The answer should be the exact lines from the line containing "1C85cYD8Fhc5B69dBZu69ruwAzLyqtbmXF" through the last line of the material below, with no pictures.
--- Material provided ---
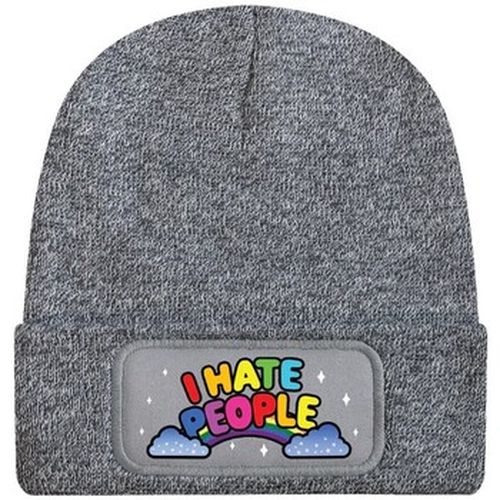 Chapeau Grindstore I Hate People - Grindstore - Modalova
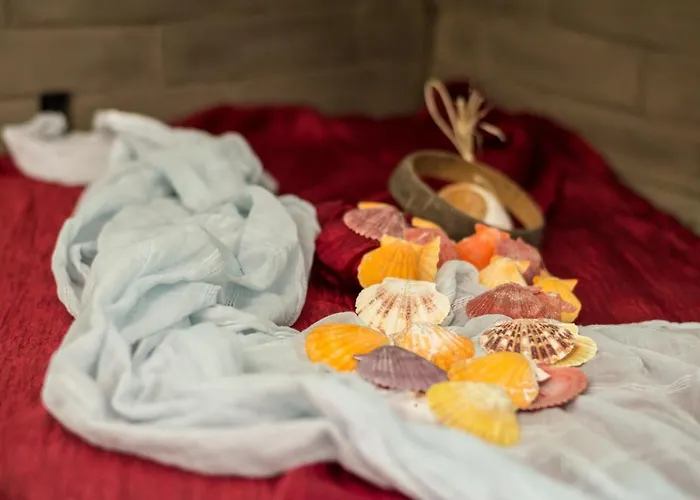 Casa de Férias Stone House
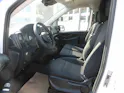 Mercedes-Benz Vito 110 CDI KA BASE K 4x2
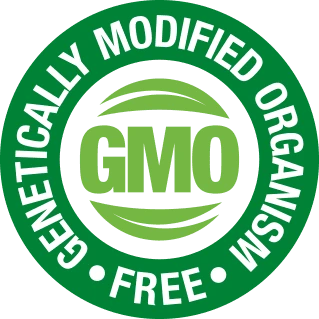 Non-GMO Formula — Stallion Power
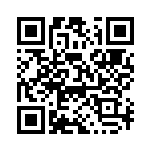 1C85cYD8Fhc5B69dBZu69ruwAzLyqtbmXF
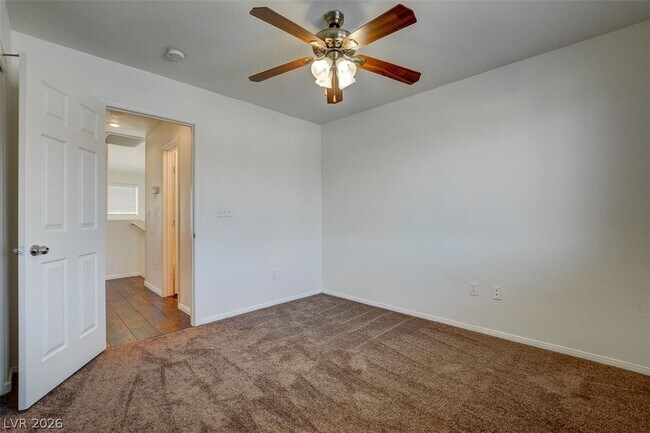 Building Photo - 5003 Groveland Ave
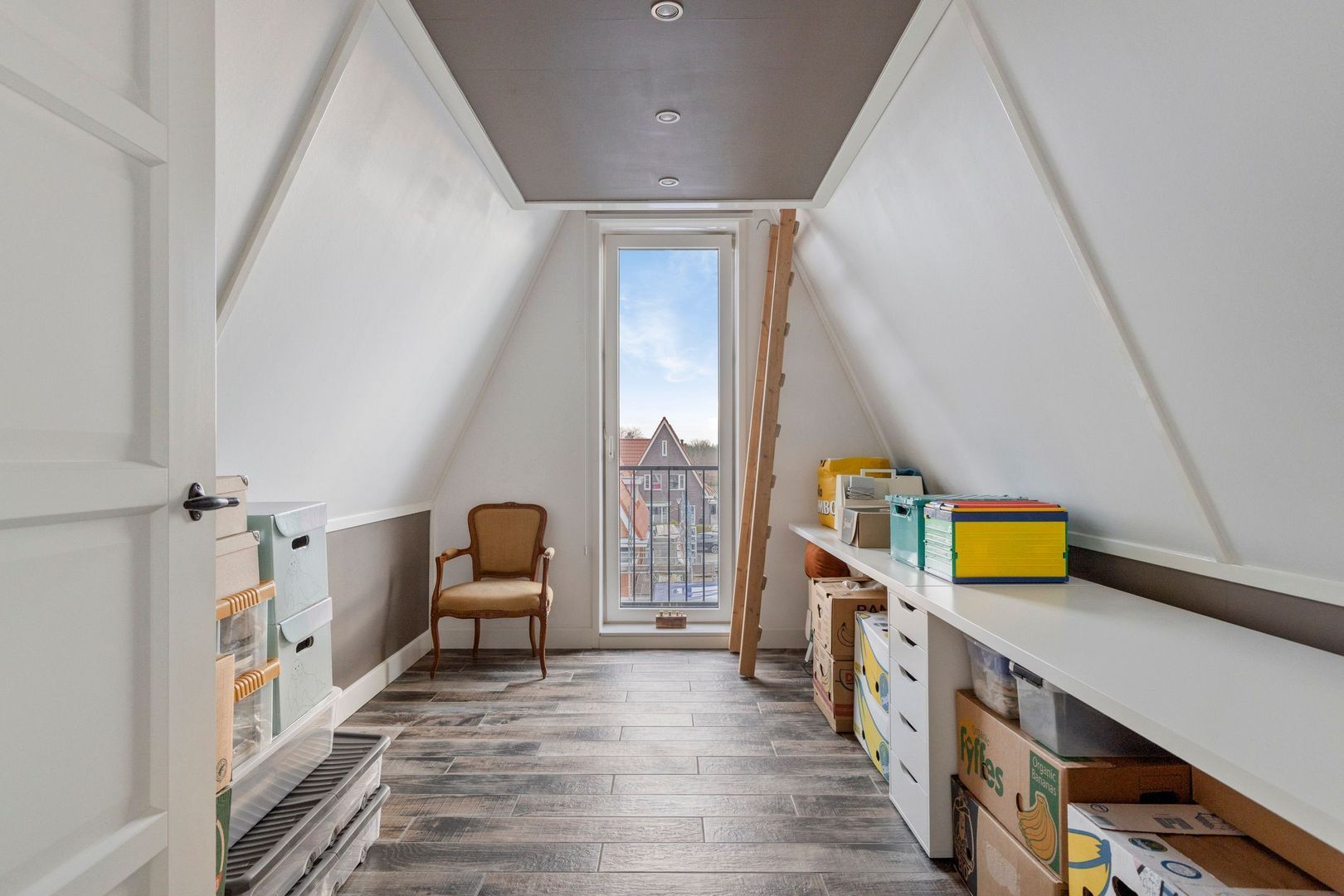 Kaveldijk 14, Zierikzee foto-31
---
> _Task response_
 1C85cYD8Fhc5B69dBZu69ruwAzLyqtbmXF
 Building Photo - 5003 Groveland Ave
 Kaveldijk 14, Zierikzee foto-31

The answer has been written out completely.